* INFORMATION PROVIDED *
***

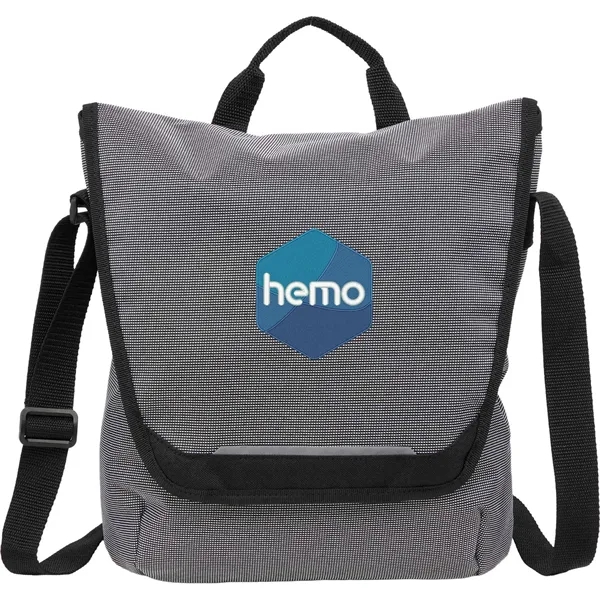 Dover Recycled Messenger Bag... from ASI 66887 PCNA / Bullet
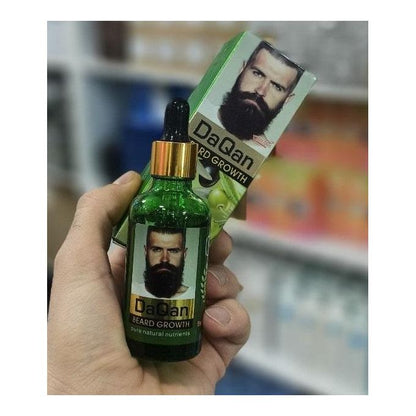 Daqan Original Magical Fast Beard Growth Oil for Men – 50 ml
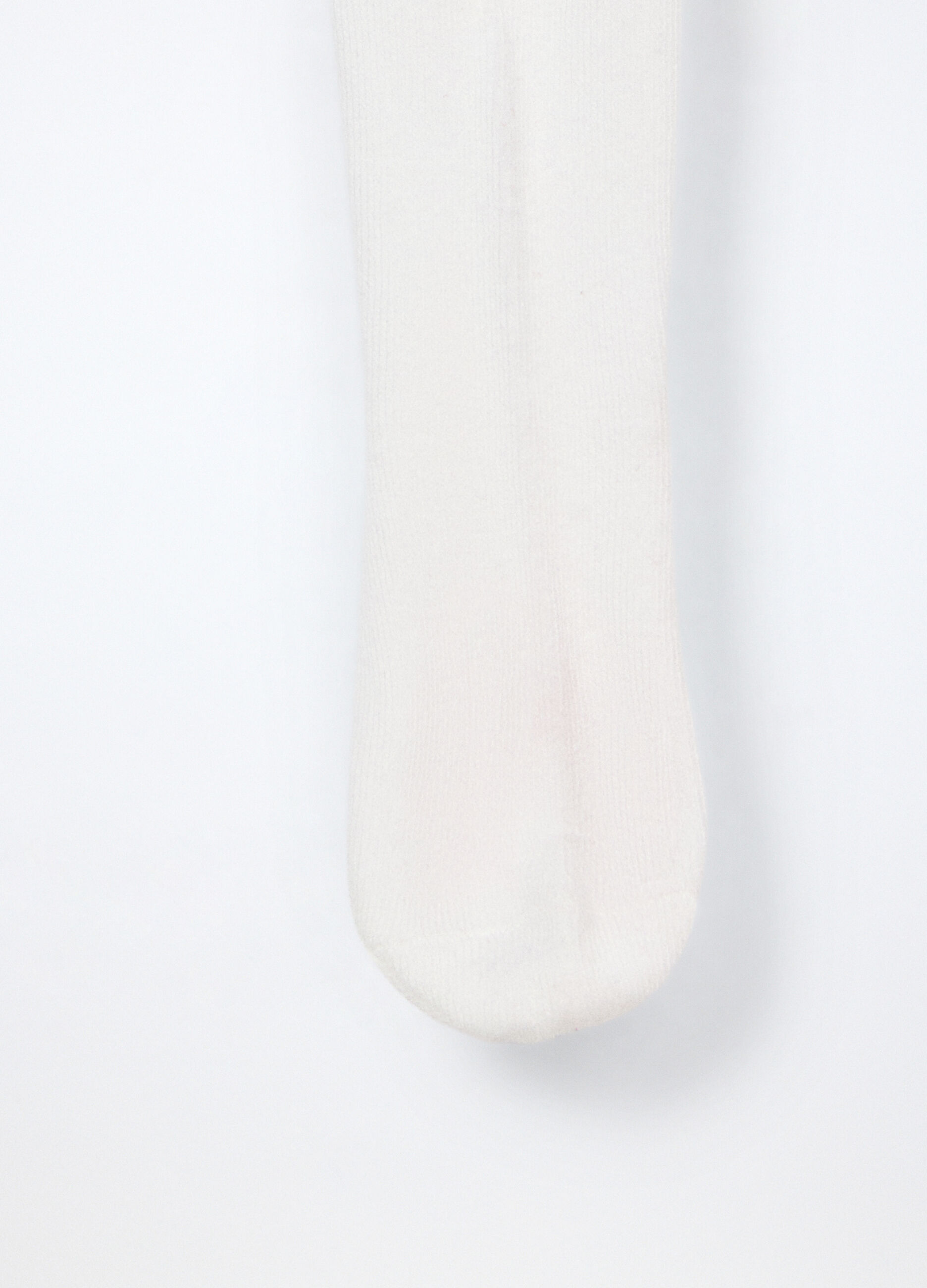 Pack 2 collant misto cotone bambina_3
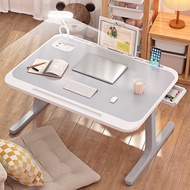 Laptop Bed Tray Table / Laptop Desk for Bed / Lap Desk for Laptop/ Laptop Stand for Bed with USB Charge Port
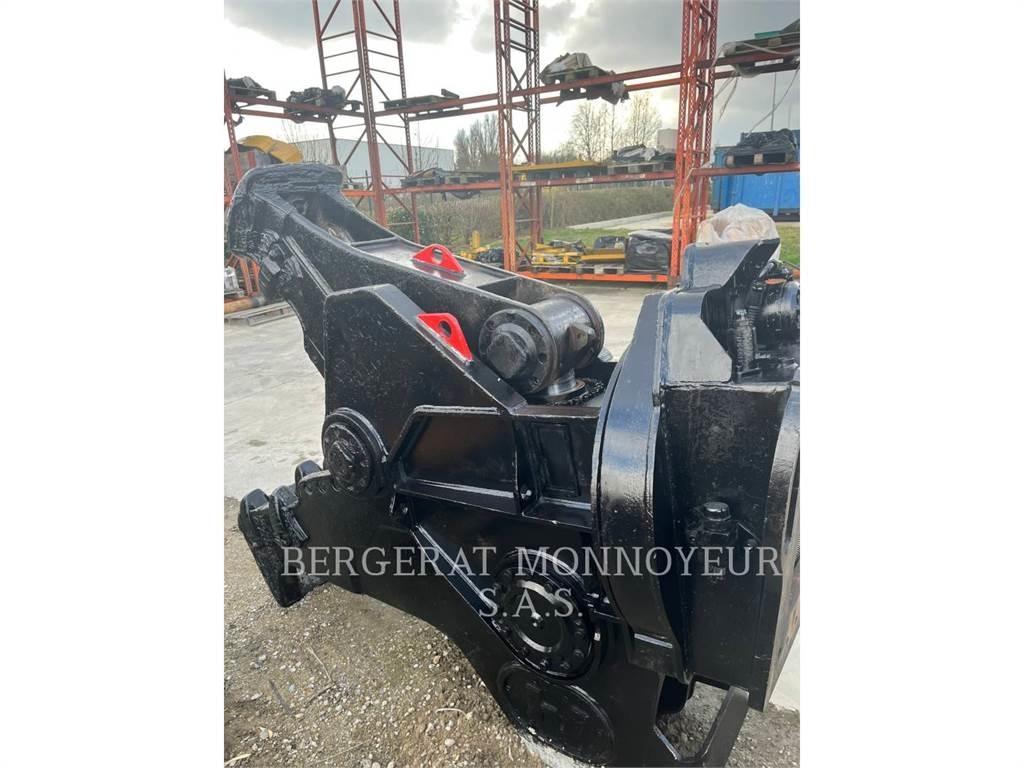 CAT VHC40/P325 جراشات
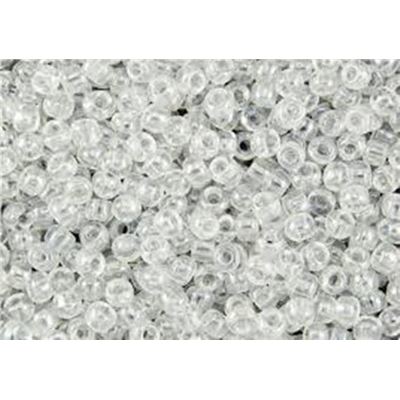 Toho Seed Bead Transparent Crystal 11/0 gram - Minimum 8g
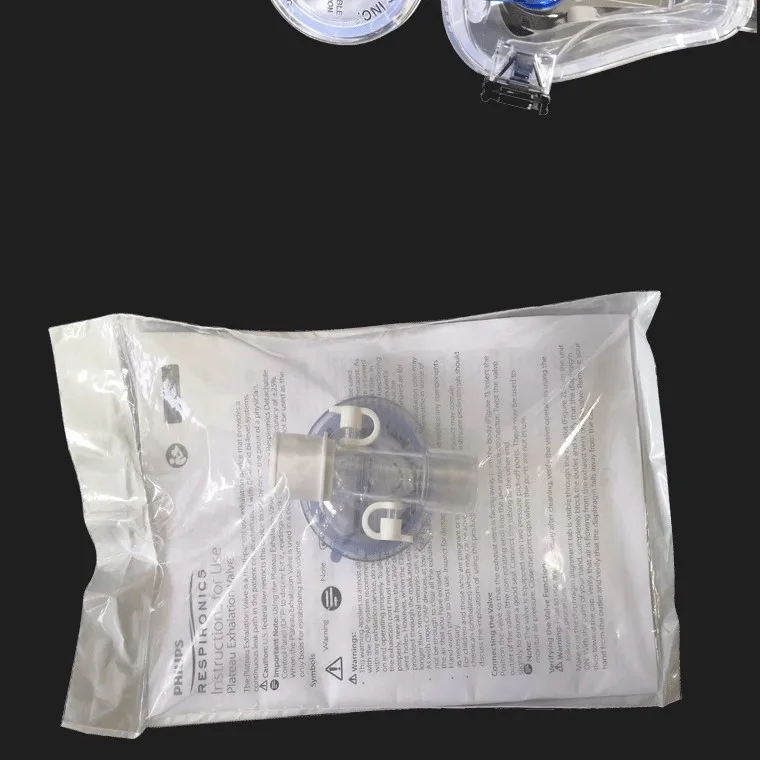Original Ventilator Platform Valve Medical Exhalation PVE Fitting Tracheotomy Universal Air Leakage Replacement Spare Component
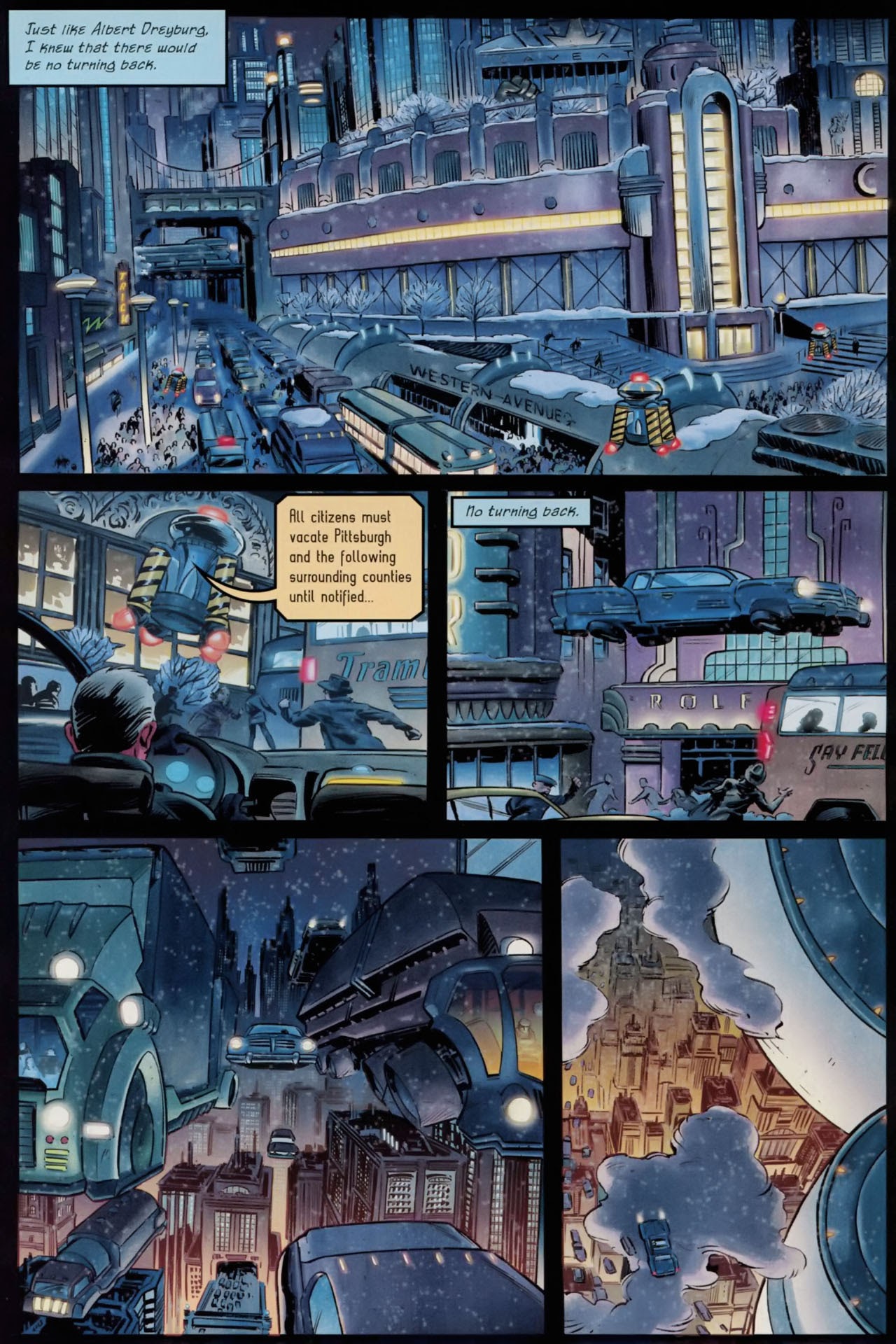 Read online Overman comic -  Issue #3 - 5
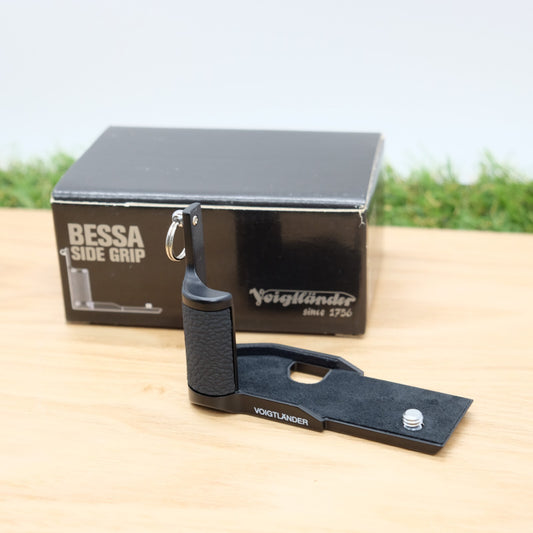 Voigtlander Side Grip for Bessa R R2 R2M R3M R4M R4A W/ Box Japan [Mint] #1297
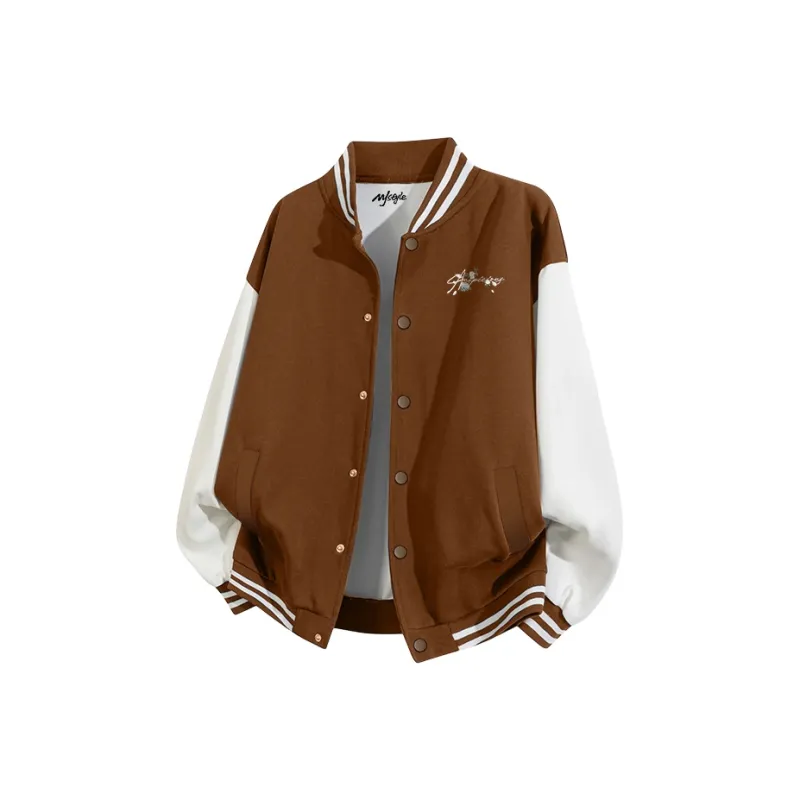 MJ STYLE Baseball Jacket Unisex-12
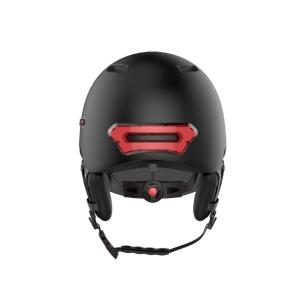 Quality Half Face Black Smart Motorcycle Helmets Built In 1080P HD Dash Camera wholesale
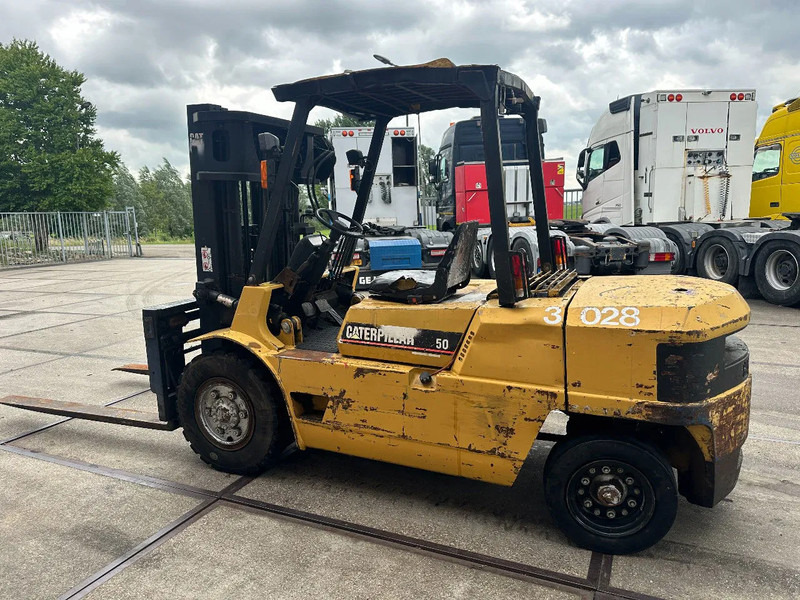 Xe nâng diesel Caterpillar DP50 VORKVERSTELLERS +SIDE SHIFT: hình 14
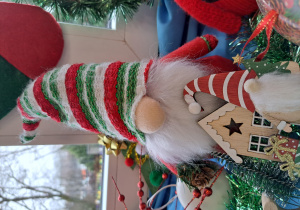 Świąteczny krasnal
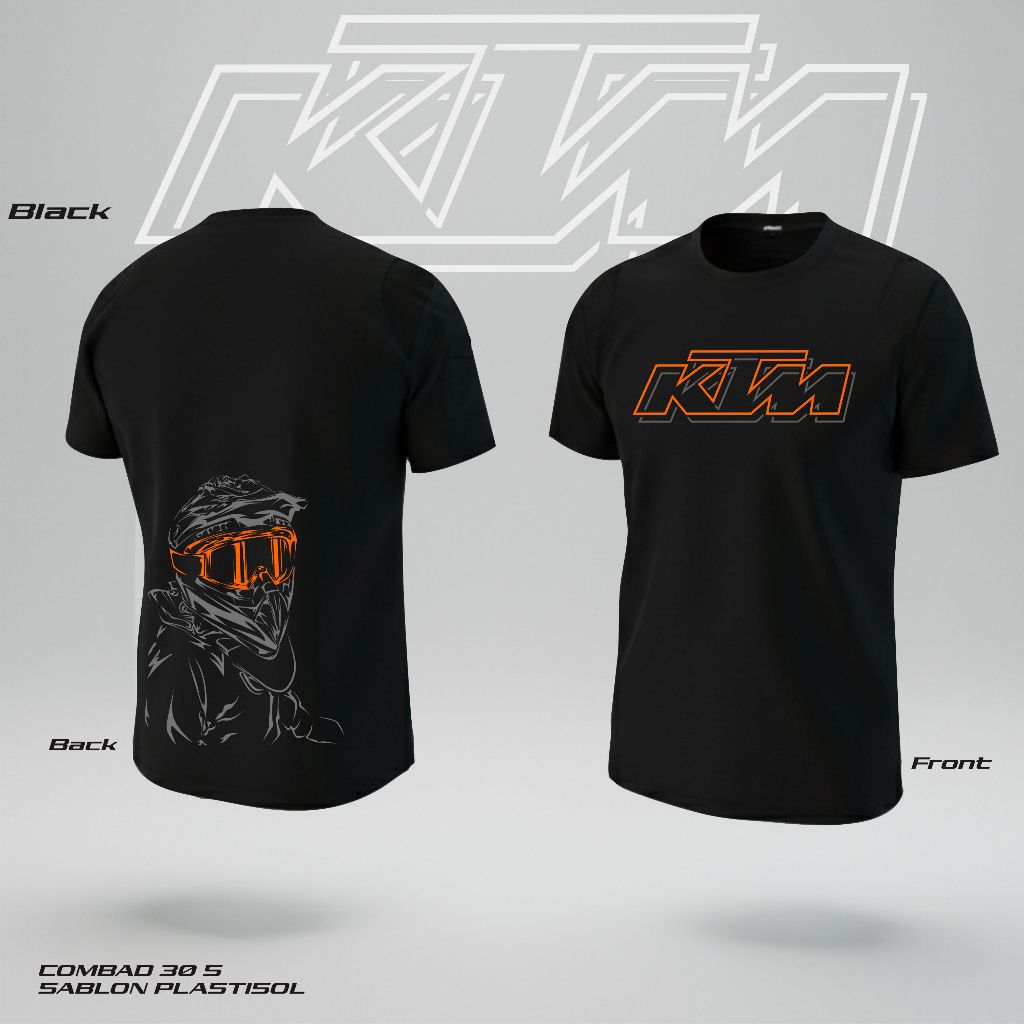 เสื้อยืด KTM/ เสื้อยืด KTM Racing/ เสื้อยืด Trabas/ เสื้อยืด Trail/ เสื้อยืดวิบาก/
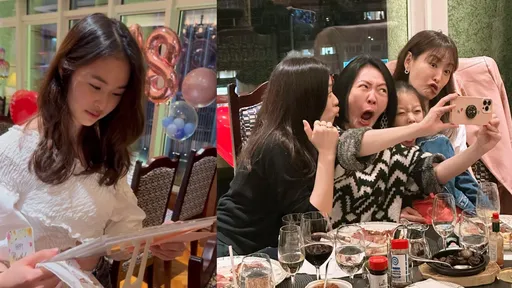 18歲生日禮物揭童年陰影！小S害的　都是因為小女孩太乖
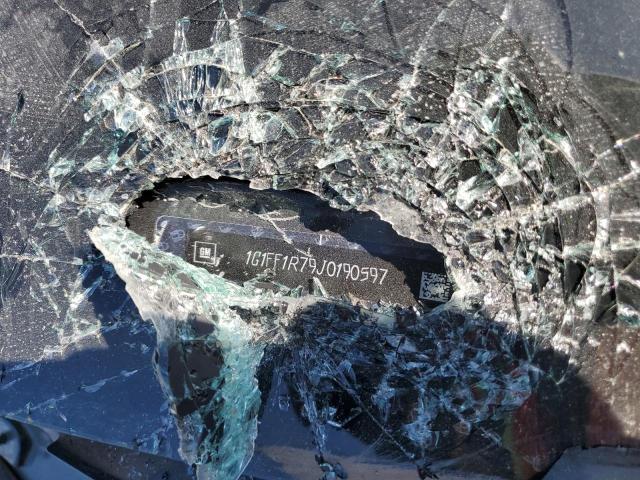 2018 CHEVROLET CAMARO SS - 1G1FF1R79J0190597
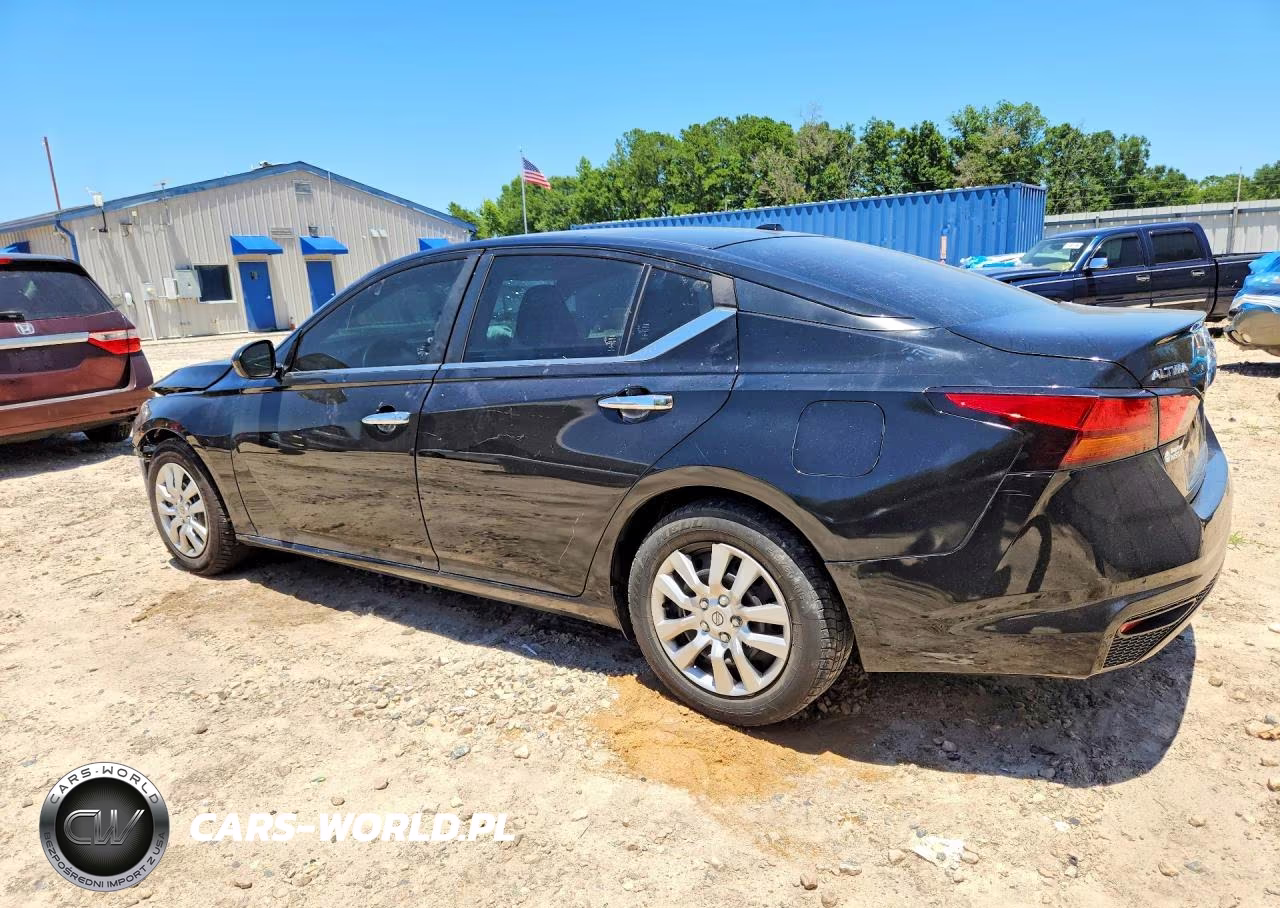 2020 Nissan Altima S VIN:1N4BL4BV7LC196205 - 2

***

* TO DO *
Because the pictures are not wanted, retype every record exactly without them.

* RESPONSE TO THE TASK *
 Dover Recycled Messenger Bag... from ASI 66887 PCNA / Bullet
 Daqan Original Magical Fast Beard Growth Oil for Men – 50 ml
 Pack 2 collant misto cotone bambina_3
 Laptop Bed Tray Table / Laptop Desk for Bed / Lap Desk for Laptop/ Laptop Stand for Bed with USB Charge Port
 CAT VHC40/P325 جراشات
 Toho Seed Bead Transparent Crystal 11/0 gram - Minimum 8g
Original Ventilator Platform Valve Medical Exhalation PVE Fitting Tracheotomy Universal Air Leakage Replacement Spare Component
 Read online Overman comic -  Issue #3 - 5
 Voigtlander Side Grip for Bessa R R2 R2M R3M R4M R4A W/ Box Japan [Mint] #1297
 MJ STYLE Baseball Jacket Unisex-12
 Quality Half Face Black Smart Motorcycle Helmets Built In 1080P HD Dash Camera wholesale
 Xe nâng diesel Caterpillar DP50 VORKVERSTELLERS +SIDE SHIFT: hình 14
 Świąteczny krasnal
 เสื้อยืด KTM/ เสื้อยืด KTM Racing/ เสื้อยืด Trabas/ เสื้อยืด Trail/ เสื้อยืดวิบาก/
 18歲生日禮物揭童年陰影！小S害的　都是因為小女孩太乖
 2018 CHEVROLET CAMARO SS - 1G1FF1R79J0190597
 2020 Nissan Altima S VIN:1N4BL4BV7LC196205 - 2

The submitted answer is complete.